21 February 2018


Statement by Minister for Justice and Equality Charles Flanagan T.D.

to Seanad Eireann re: the death of Aidan McAnespie



I thank Senator Gallagher for raising this matter on this poignant day. 



The Senators will recall that Aidan McAnespie, a 24 year old man from Co. Tyrone, was fatally shot as he walked through the British Army checkpoint at Aughnacloy, on 21 February 1988.   I would say at the outset that what happened on this day thirty years ago was a devastating tragedy for Aidan McAnespie’s family and, indeed for the community at Aughnacloy.  His death was needless and I am very conscious of the continued suffering of his family. 



Given the widespread public disquiet at the death of Aidan McAnespie, the Government requested that an inquiry be carried out into the shooting and surrounding circumstances. The then Deputy Garda Commissioner, Eugene Crowley, was appointed to conduct this inquiry. However, because of fears that many people in the local community expressed to him as to their safety and security, they co-operated only and explicitly on the basis of an assurance of absolute confidentiality and that what they related to Deputy Commissioner Crowley was for the Government only.  This report was submitted to the Minister for Justice in April 1988.  To release the full content of the Crowley Report even at this stage 30 years later would be a breach of trust of the Irish Government to those parties.

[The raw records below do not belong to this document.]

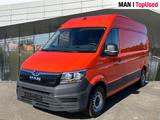 MAN TGE 3.140 4X2F SB, hoch,Klima,Standheizung - MAN Gebrauchtwagen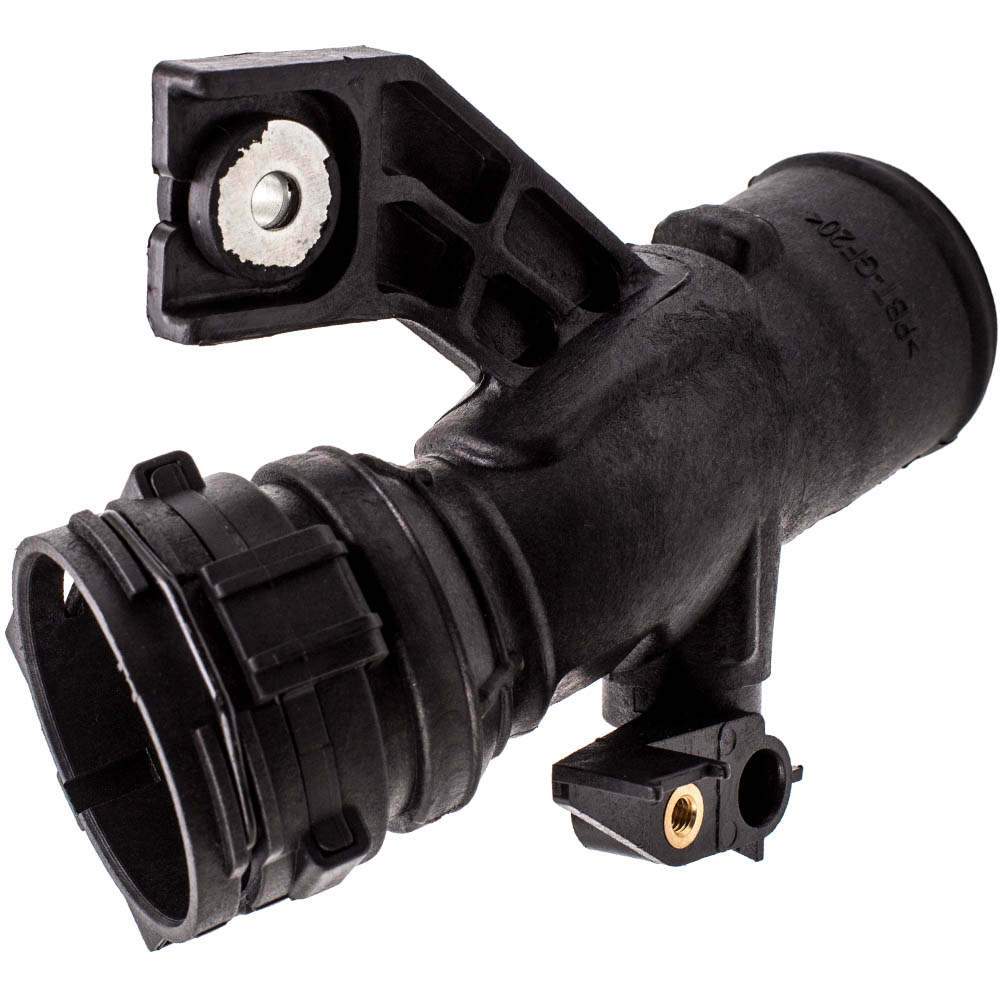 Turboinntaksslange (ladeluftslange) som passer til Nissan Qashqai / Qashqai+2 1.5 dCi 2007–2017 | 14460BB31A 14460BB30A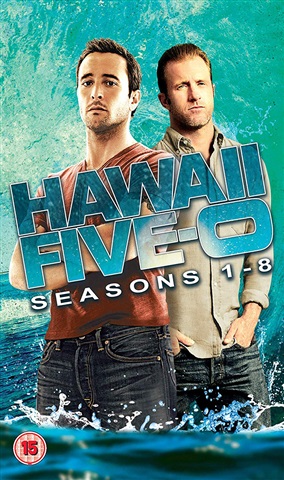 Hawaii Five-o Season 1-8 - CeX (UK): - Buy, Sell, Donate Hawaii Five-o Season 1-8 - CeX (UK): - Buy, Sell, Donate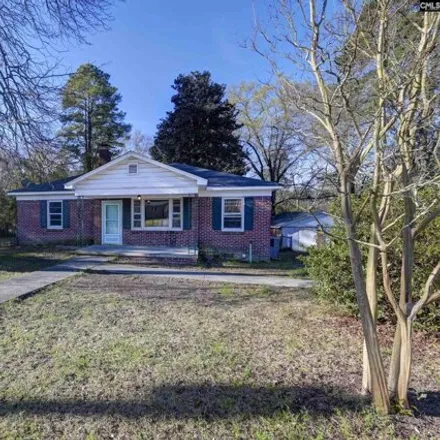 Buy this 3 bed house on 1886 Manley Street in Cayce, SC 29033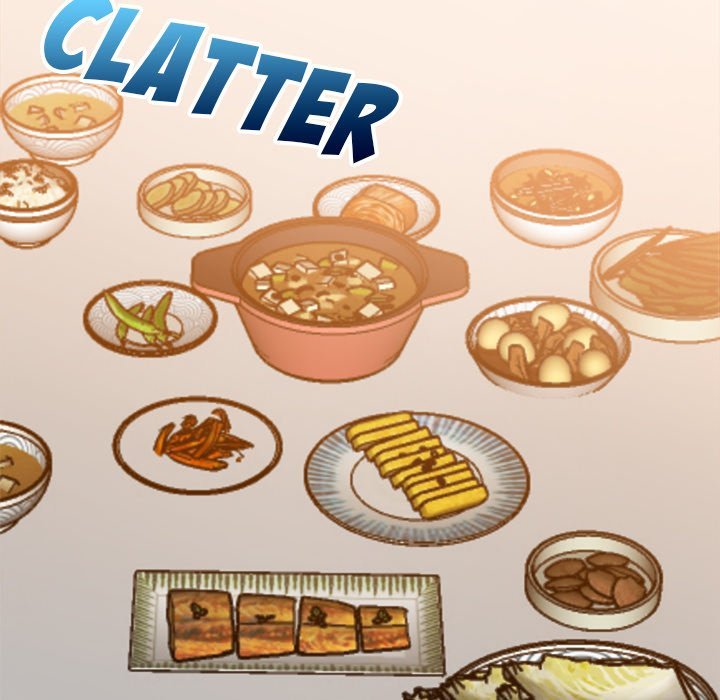 New Flavors Manhwa - Chapter 13 Page 61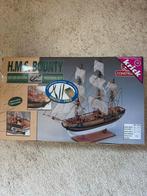 HMS Wooden kit boot, Ophalen, Nieuw, Overige merken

In 2002 the Government approved an outline summary of the Crowley report’s conclusions and it was provided to the McAnespie family.  At that time, detailed consideration was given to producing an edited or redacted version of the report that would be meaningful, would not compromise confidentiality and could be provided to the family.  However, given the nature of the report it did not prove possible to do so.

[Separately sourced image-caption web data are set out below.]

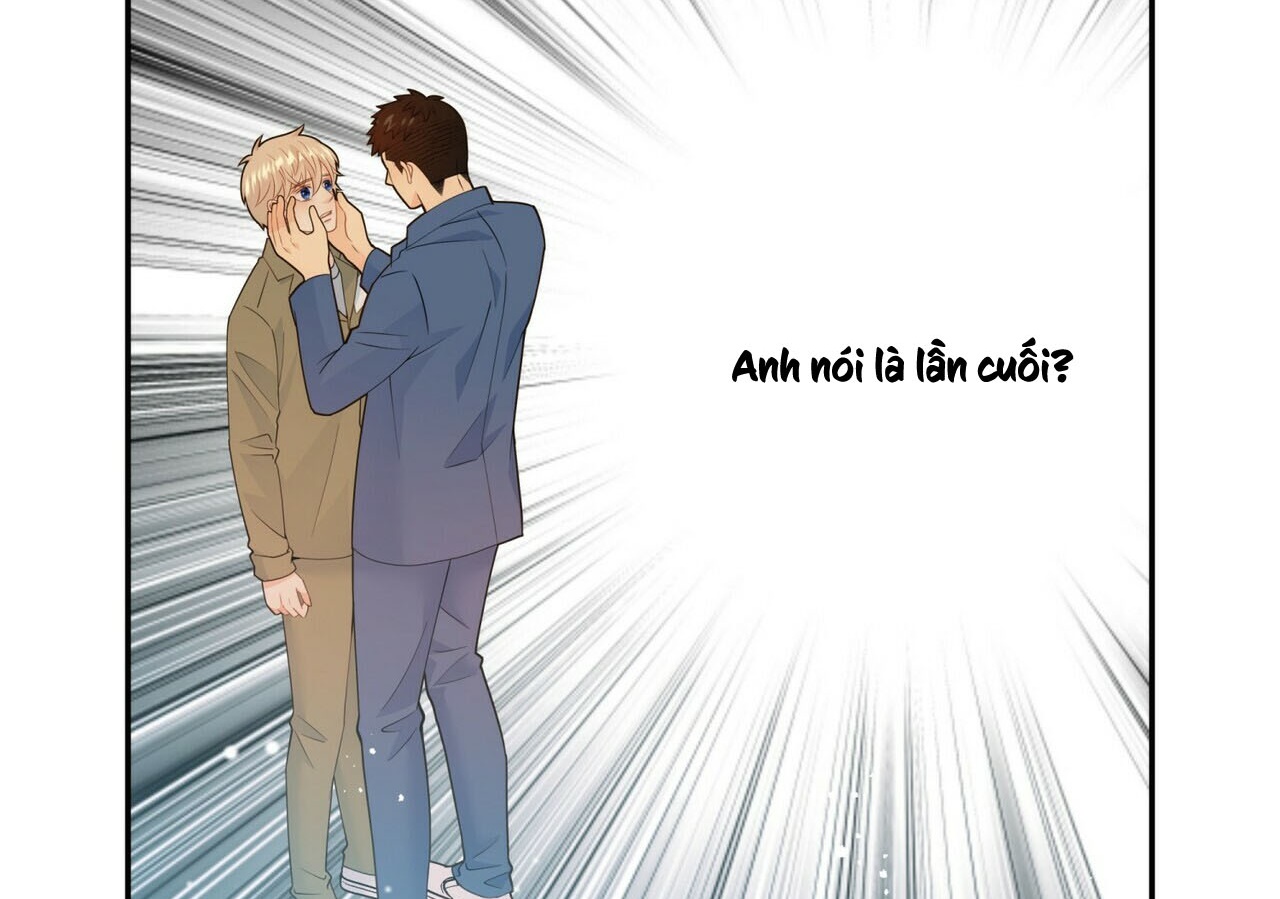 thời gian giữa sói và chó chapter 57.1 5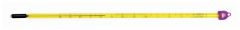 Fisherbrand™ General Purpose Liquid-in-Glass Partial Immersion Thermometers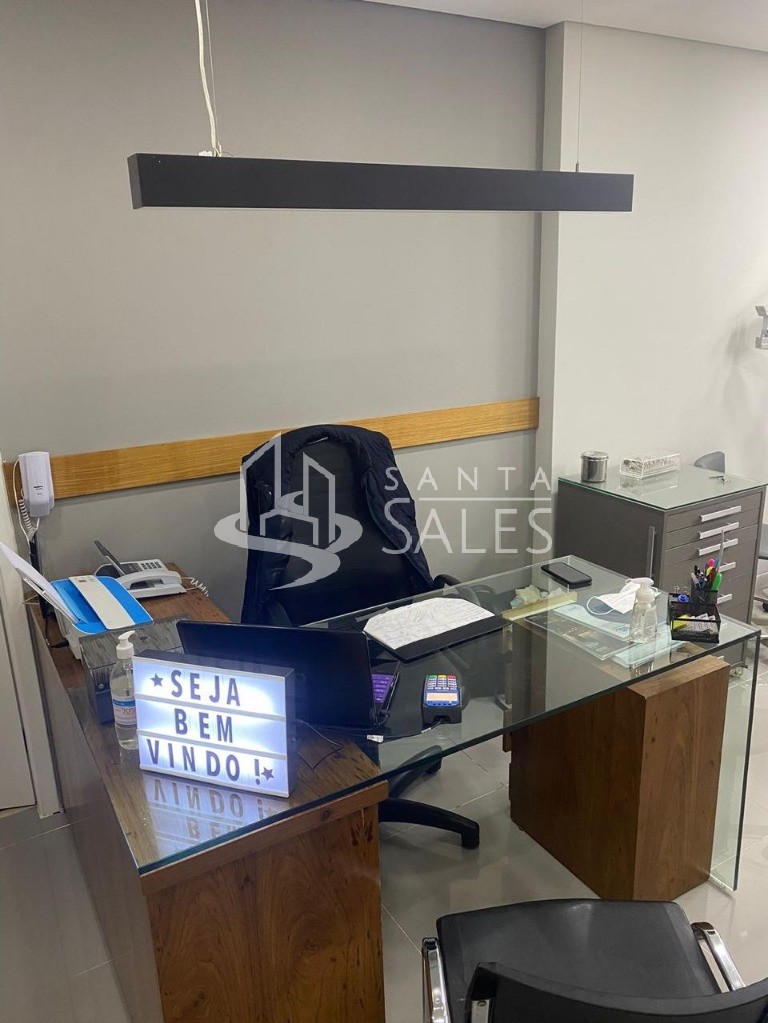 Sala-Conjunto, 36 m² - Foto 6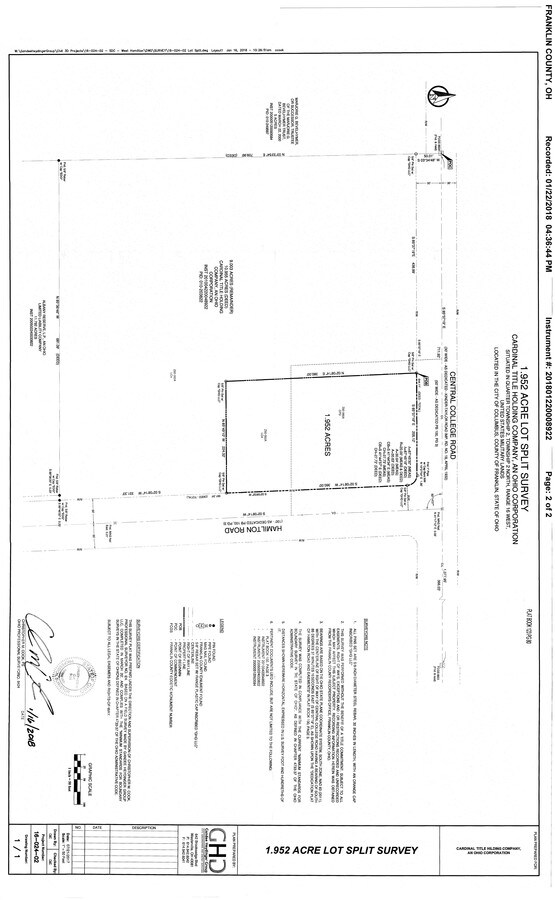 6809 N Hamilton Rd, Westerville, OH 43081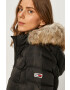 Tommy Jeans Geaca de puf - Pled.ro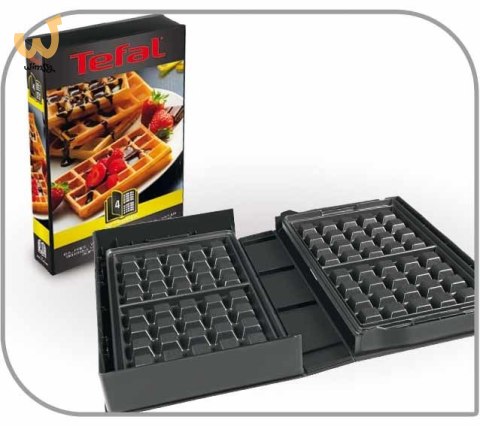 Opiekacz Tefal SW854D (700W; kolor inox) Opiekacz Tefal SW854D (700W; kolor inox)
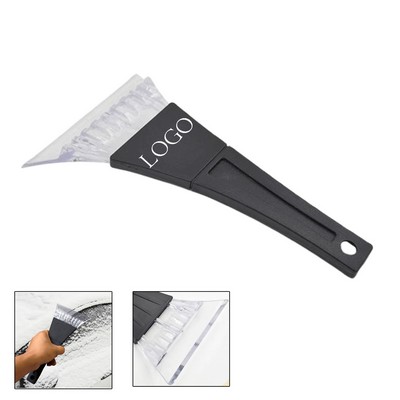 10" Polar Ice Scraper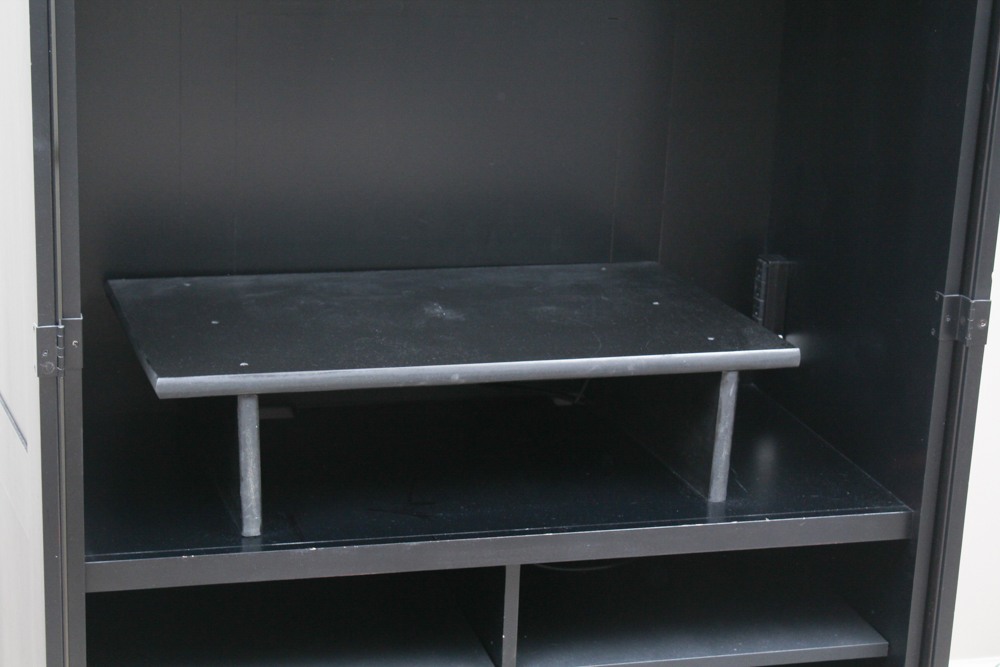 Hooker Furniture Entertainment Cabinet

I have recently arranged for further copies of the limited summary and the post mortem report prepared by Prof. John Harbison to be provided to the McAnespie family through their legal representatives.



The Senators will appreciate that the Government has a persisting obligation to the commitment that was given to those people in the locality and elsewhere who co-operated with the inquiry.  Regrettably, under these circumstances it is not considered possible to publish or further disseminate the report.



It is a source of regret to me that this will inevitably be a disappointment to Aidan McAnespie’s family who suffer from his tragic loss to this very day.  However, the fact is that I must have full regard to the expectations of the many people who contributed in good faith to the Crowley inquiry on the basis of a guarantee of absolute confidentiality and to the persisting obligation in that regard.